De acordo com a consultora especializada em engenharia, aquecer vários apartamentos tem custos mais elevados para o ambiente do que manter quente apenas um edifício de escritórios. Até porque «a gestão de energia em edifícios é, habitualmente, mais sofisticada do que a de casas individuais», explica David Symons, Future Ready lead & director of Sustainability na WSP UK. Mesmo considerando a viagem para o trabalho, o impacto ambiental de trabalhar num escritório consegue ser menor durante o Inverno.
No Verão, por outro lado, trabalhar a partir de casa poderá fazer mais sentido para quem se preocupa com a saúde do planeta.
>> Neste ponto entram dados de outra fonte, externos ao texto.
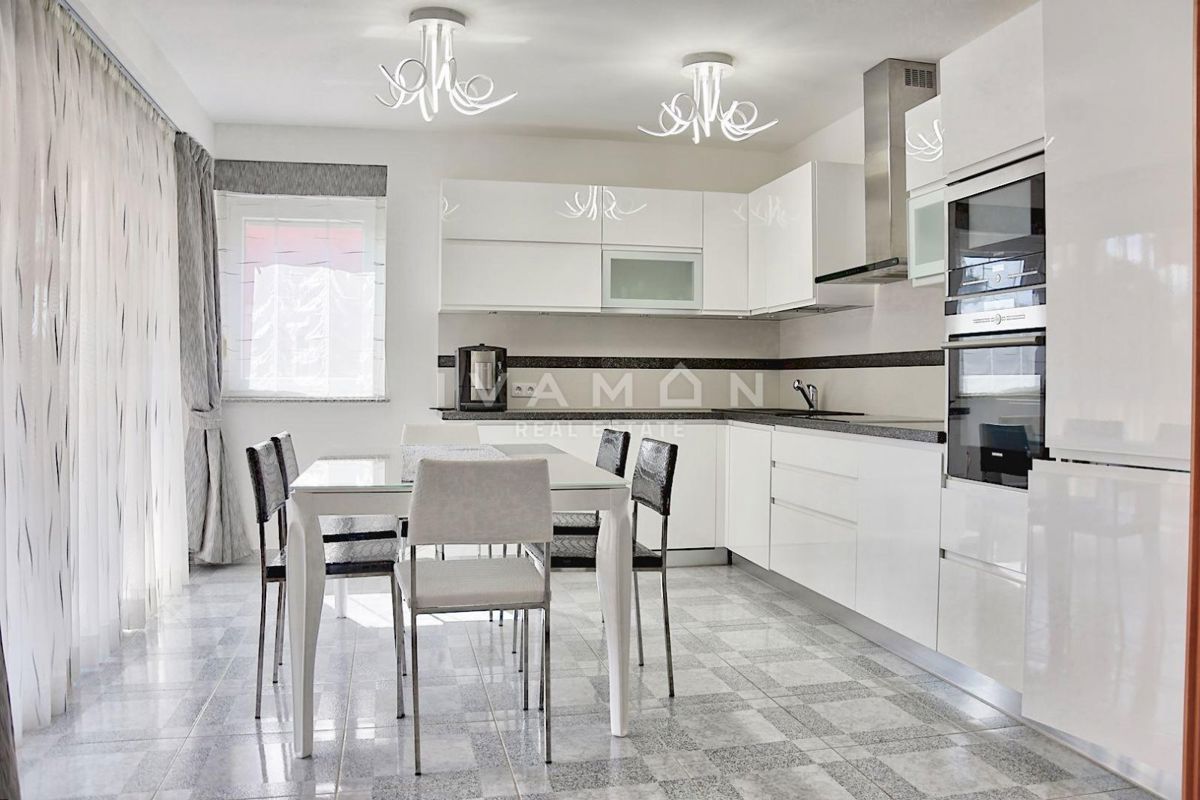 Appartamento con Quattro Camere da Letto a 300 m dalla Spiaggia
Pelo menos, no Reino Unido. A BBC, que dá conta do estudo, sublinha que esta lógica poderá ter nuances noutros mercados, uma vez que os padrões de consumo de energia variam de país para país. Em Portugal, por exemplo, será que uma pessoa a trabalhar a partir de casa ligaria o aquecimento?
Além disso, há que considerar o tipo de viagem para o trabalho. Na Noruega, mais de 40% dos veículos vendidos no ano passado eram eléctricos, fazendo com que o percurso seja mais sustentável. O mesmo se aplica a casos em que a utilização de transportes públicos é regular.
Independentemente disso, caso o trabalho remoto se massifique, a responsabilidade relativamente à pegada ecológica das empresas passa para o funcionário. Não terão de ser as companhias a preocuparem-se com a eficiência energética dos seus escritórios, se as lâmpadas são LED ou não, porque não haverá pessoas nos edifícios. Algumas nem terão instalações. Caberá, então, ao colaborador optar por equipamentos e materiais pessoais mais verdes.